◆ Your objective:
Identify and pull out each line of the entries in which "configuration" occurs.

(Records from a data source)
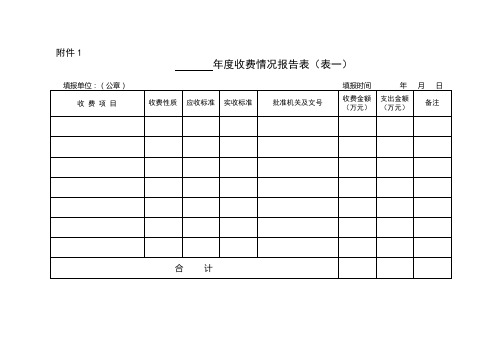 年度行政事业性收费情况报告表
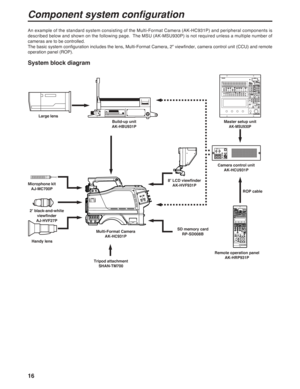 Page 1616
Component system configuration
An example of the standard system consisting of the Multi-Format Camera (AK-HC931P) and peripheral components is
described below and shown on the following page.  The MSU (AK-MSU930P) is not required unless a multiple number of
cameras are to be controlled.
The basic system configuration includes the lens, Multi-Format Camera, 2zviewfinder, camera control unit (CCU) and remote
operation panel (ROP).
System block diagram
CABLE
TA L LYCAMERA15600K
UNDO BLACK WHITE R B G...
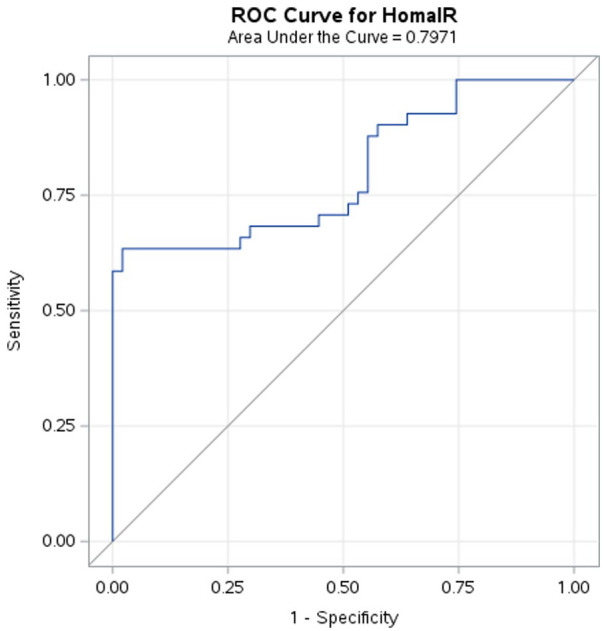 Correlates of Insulin Resistance in Nascent Metabolic Syndrome.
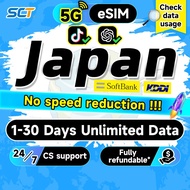 Wefly Japan eSIM 5G 1-30 Days 500MB-20GB Unlimited Data Softbank KDDI eSIM Japan SIM Card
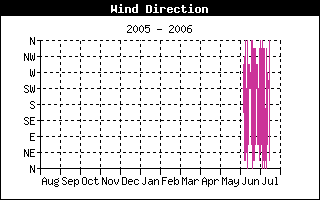 Wind Direction History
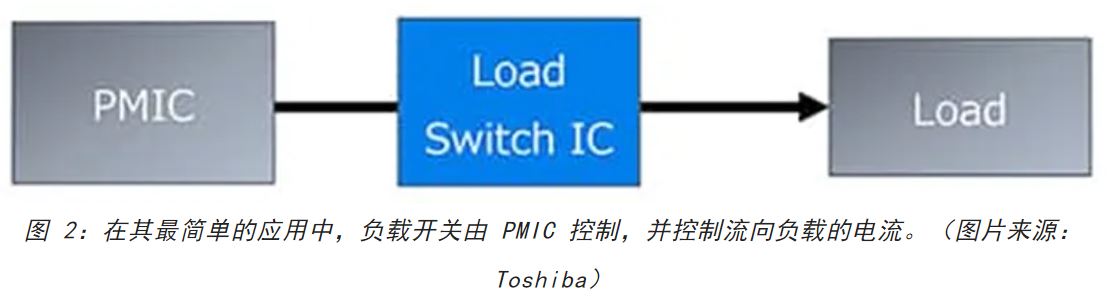 電源軌難管理？試試這些新型的負(fù)載開關(guān) IC！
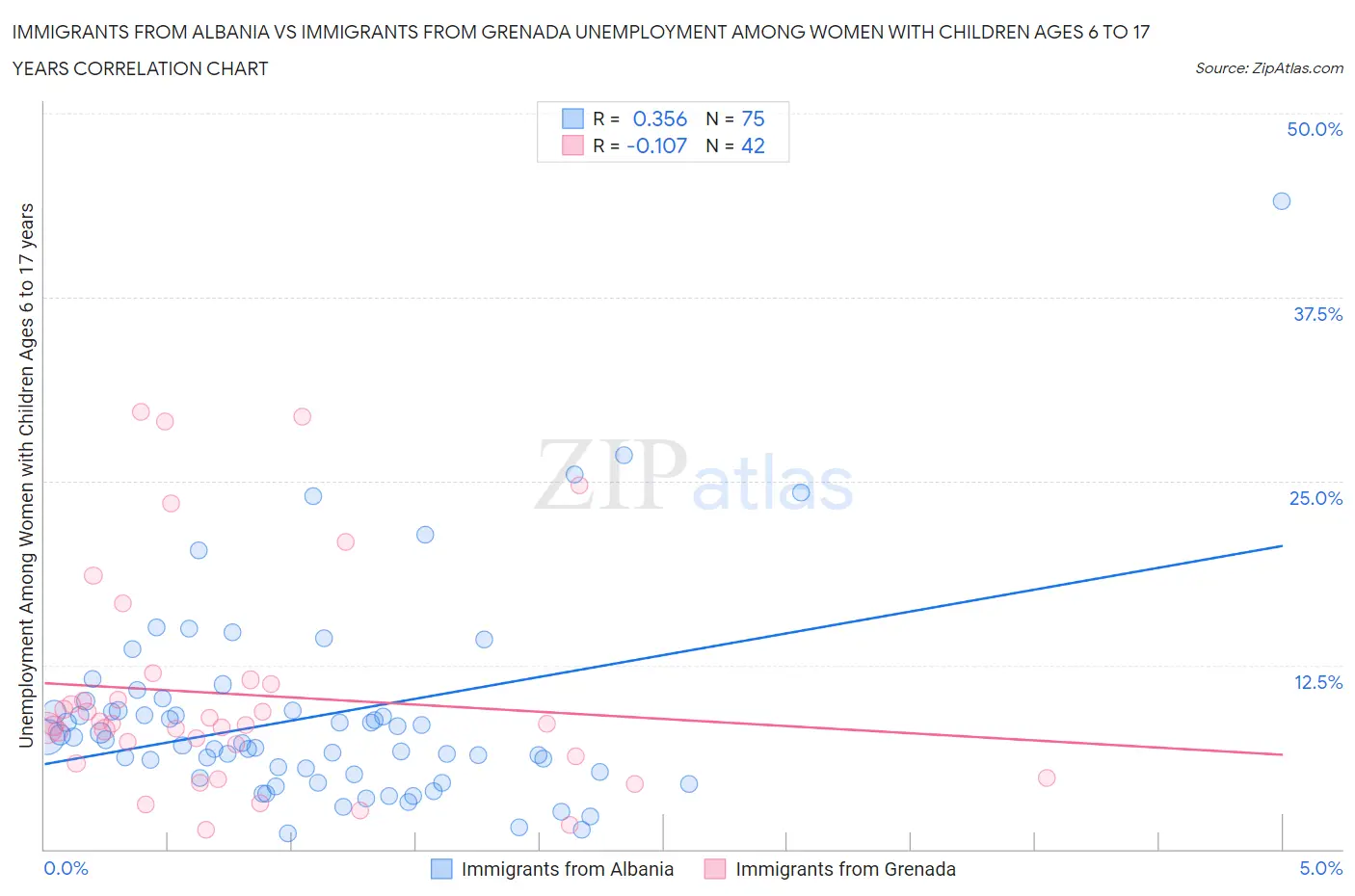 Immigrants from Albania vs Immigrants from Grenada Unemployment Among Women with Children Ages 6 to 17 years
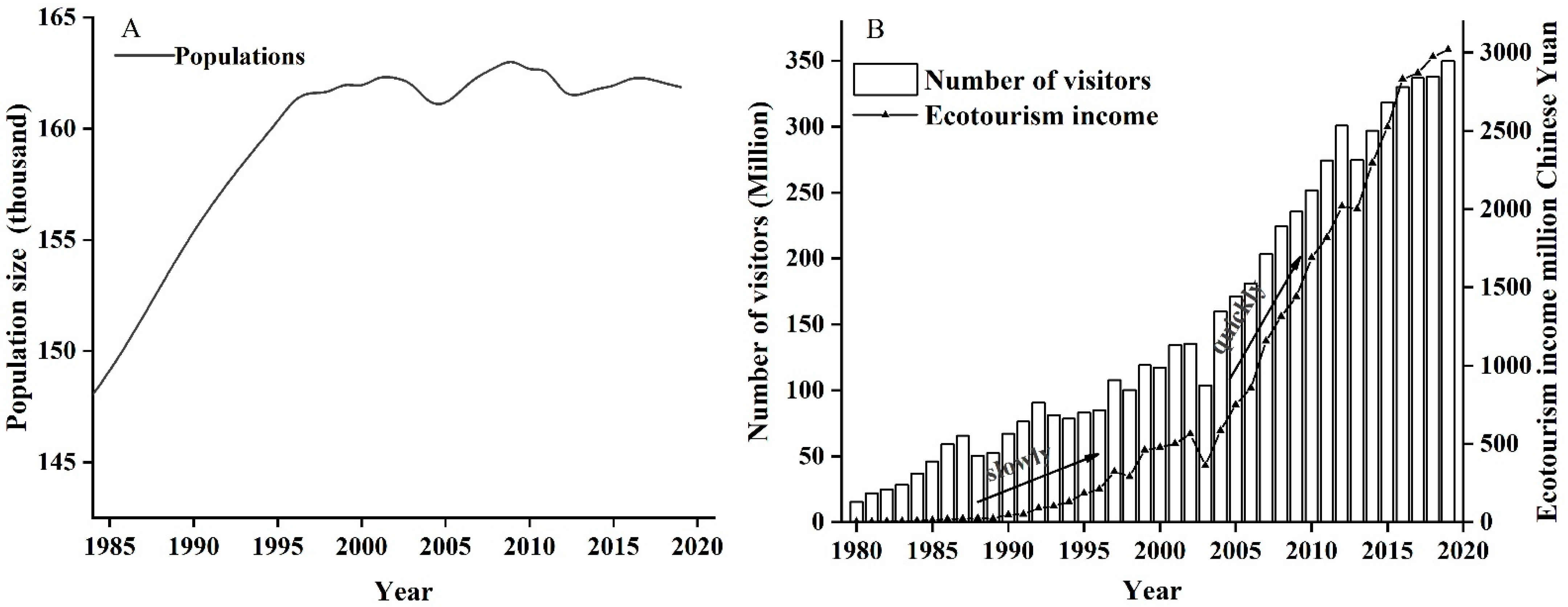 Biology 11 01042 g004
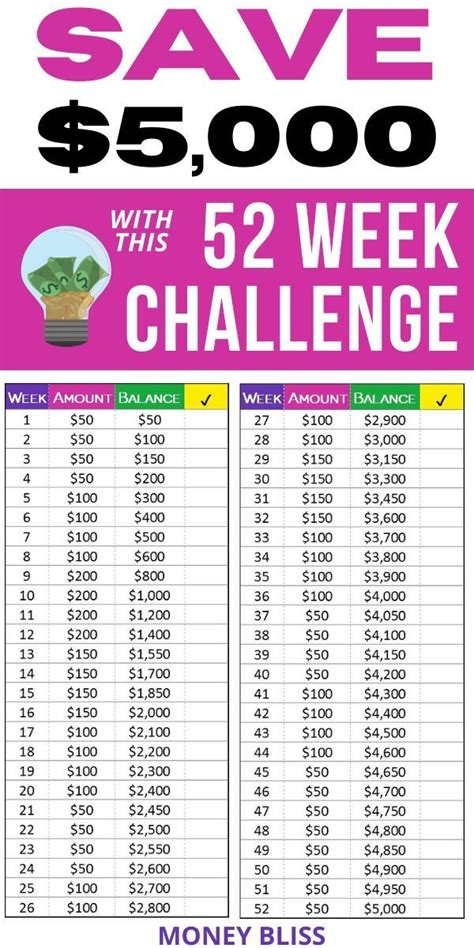 Your Week Money Saving Challenge Free Printable Money Bliss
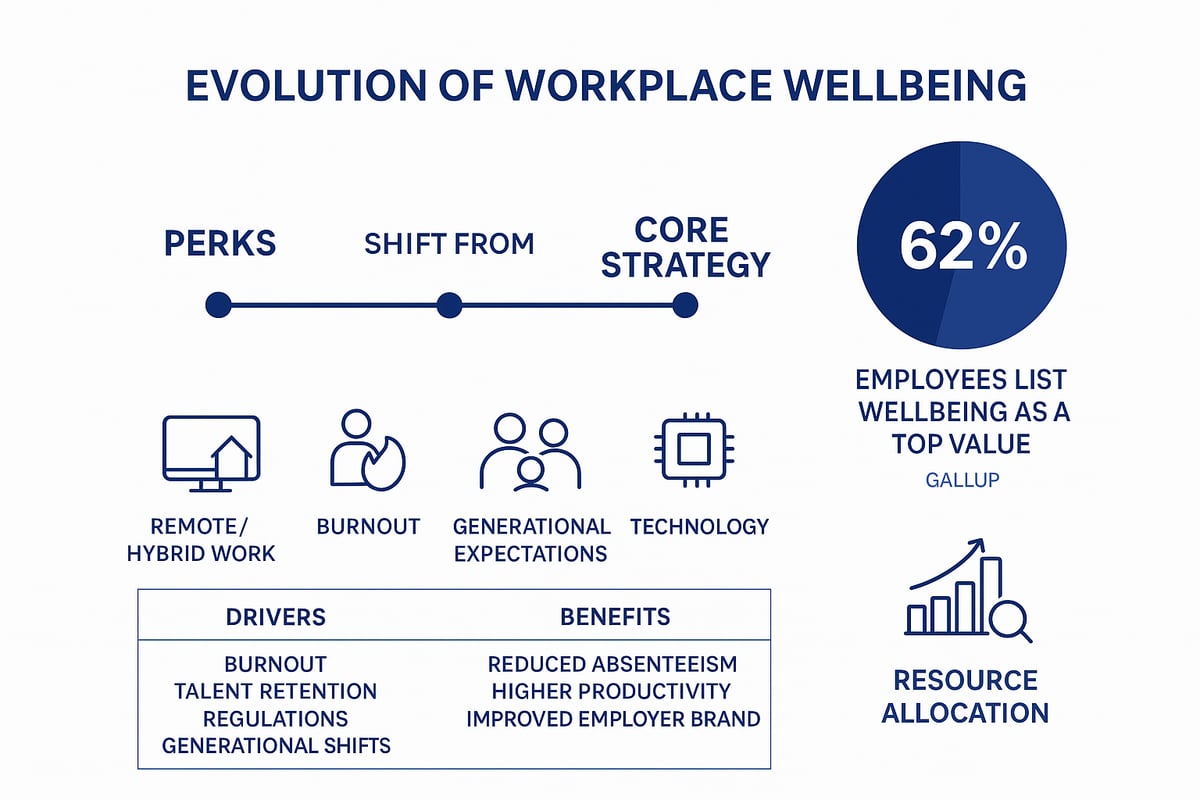 The Evolving Landscape of Workplace Wellbeing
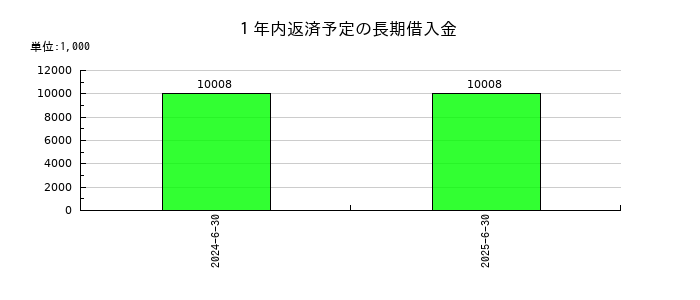 グリーンモンスターの１年内返済予定の長期借入金の推移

◆ Completed exercise:
Component system configuration
The basic system configuration includes the lens, Multi-Format Camera, 2zviewfinder, camera control unit (CCU) and remote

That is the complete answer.